§ **Task goal**:
If a picture appears, leave it out, and reproduce exactly the lines from the start of the listing below through the one bearing "So those are".

---------- Available data ----------

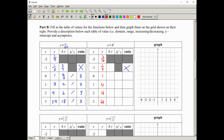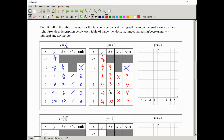For 4 to the x: 4 to the negative 2 is 1 sixteenth, 4 to the negative 1 is 1 quarter, 4 to the 0 is 1, 4 to the 1 is 4, 4 squared is 16, 4 cubed is 64. First differences: 3 sixteenths, 3 quarters, 3, 12, 48. Then the ratios: 3 quarters divided by 3 sixteenths is 4; 3 divided by 3 quarters is 4; 12 divided by 3 is 4; 48 divided by 12 is 4. The common ratio is 4, which is the base.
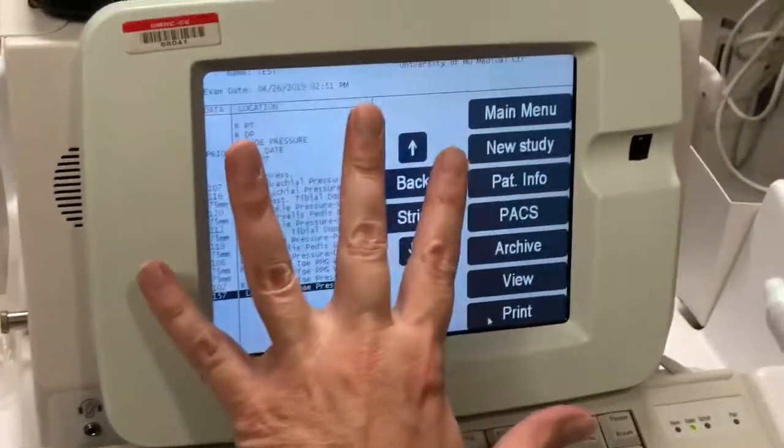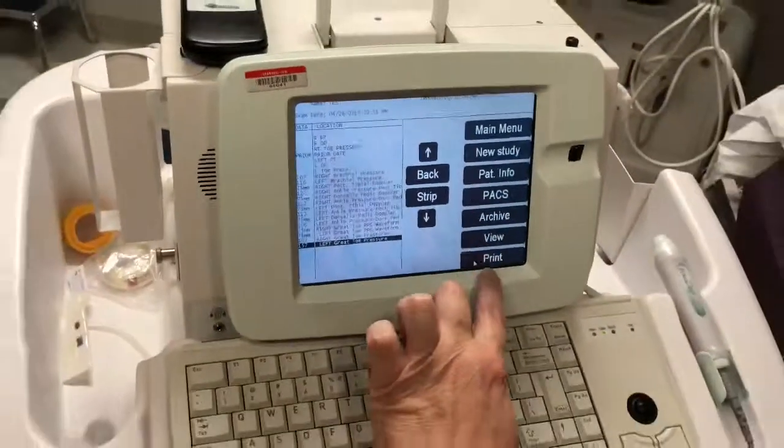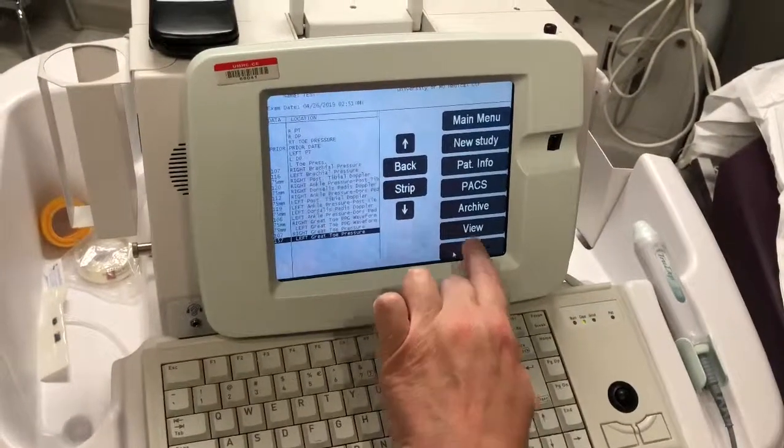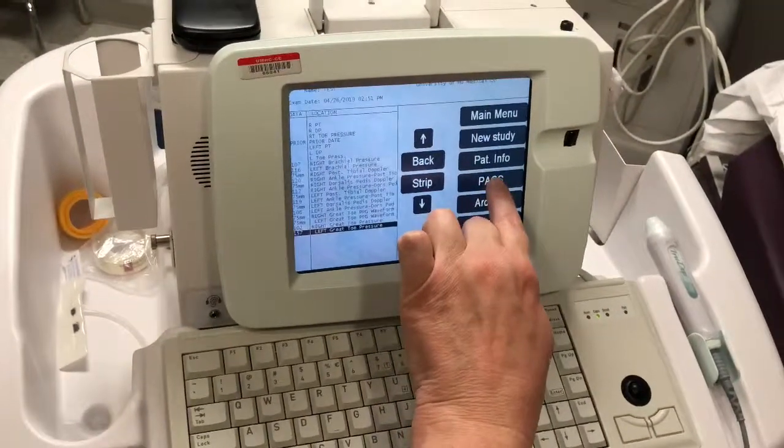The study is now over. You can send this information to a printer and you can send it to your PACS.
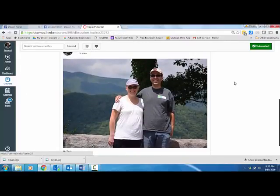So those are two different ways that you can add images to Canvas. Look forward to seeing all the pictures that you post.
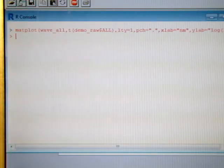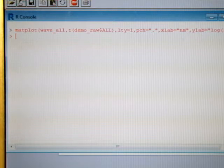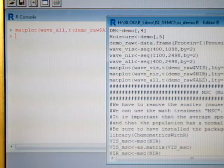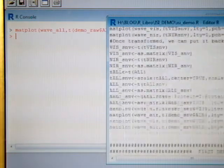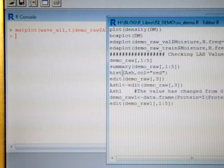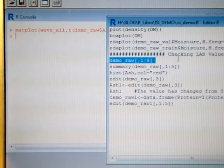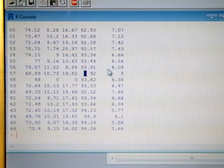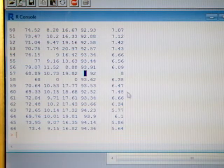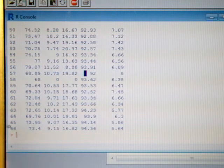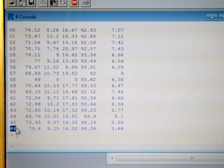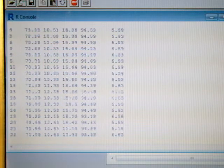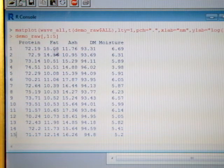So we are going to check the reference data, and the reference data is in the first 5 columns. If we have a look we see that we have 66 samples and 5 constituents.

----------

§ **Exercise output**:
For 4 to the x: 4 to the negative 2 is 1 sixteenth, 4 to the negative 1 is 1 quarter, 4 to the 0 is 1, 4 to the 1 is 4, 4 squared is 16, 4 cubed is 64. First differences: 3 sixteenths, 3 quarters, 3, 12, 48. Then the ratios: 3 quarters divided by 3 sixteenths is 4; 3 divided by 3 quarters is 4; 12 divided by 3 is 4; 48 divided by 12 is 4. The common ratio is 4, which is the base.
The study is now over. You can send this information to a printer and you can send it to your PACS.
So those are two different ways that you can add images to Canvas. Look forward to seeing all the pictures that you post.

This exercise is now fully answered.